The aim of this post is to provide such a guide to my friends and colleagues in a central place.

SET UP YOUR INTERPRETER
-----------------------

The first thing to do is to install an actual python interpreter. Python is a scripting language, meaning that the programs are just text files which are executed by a program called an interpreter. The language itself changes roughly every year, so you will probably want an interpreter that runs a recent version of the language, as well as the ability to manage multiple versions (in case you find that certain of your programs require older/newer versions than what you typically run).

MacOS computers come with a very old version of python pre-installed. Linux machines sometimes come with a newer version pre-installed, though very minimal distributions will come without a python interpreter altogether. MacOS, most Linux distributions, and Windows all have system package managers (either official, like apt on Debian Linux, or third party, like MacPorts or Homebrew on MacOS/Chocolatey on Windows) that let you quickly install a version of python; don't use them. They are tied in to various tools throughout your system, so that breaking them might break system-wide tools you depend on, and they tend to be incomplete and out of date. Installing python and libraries [1] using the system package manager means possibly having to remove and reinstall everything in your fragile dev environment at some point in the future, which can easily take over a day for complex environments, assuming it's possible at all. This violates what is, in my opinion, the most important rule of a development environment:

It should be easy to destroy and rebuild your dev environment.

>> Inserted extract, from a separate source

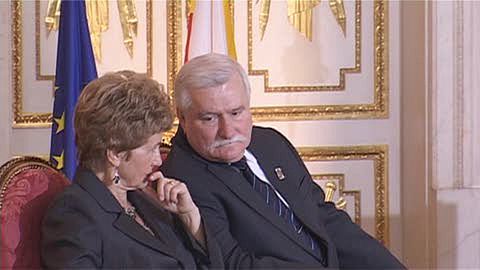 Wałęsa na szczycie laureatów Pokojowej Nagrody Nobla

Having this property means you will never live in fear of the day when you inevitably mess up your configuration and need to delete it all and start over. You will not fear adding new team members or switching development computers, and chances are your deployments will become much easier.

The (likely) easiest solution is to use Anaconda's python distribution, which includes a nice, fast, cross-platform python package manager (conda) and a nice development environment management system, which I'll discuss in the next section.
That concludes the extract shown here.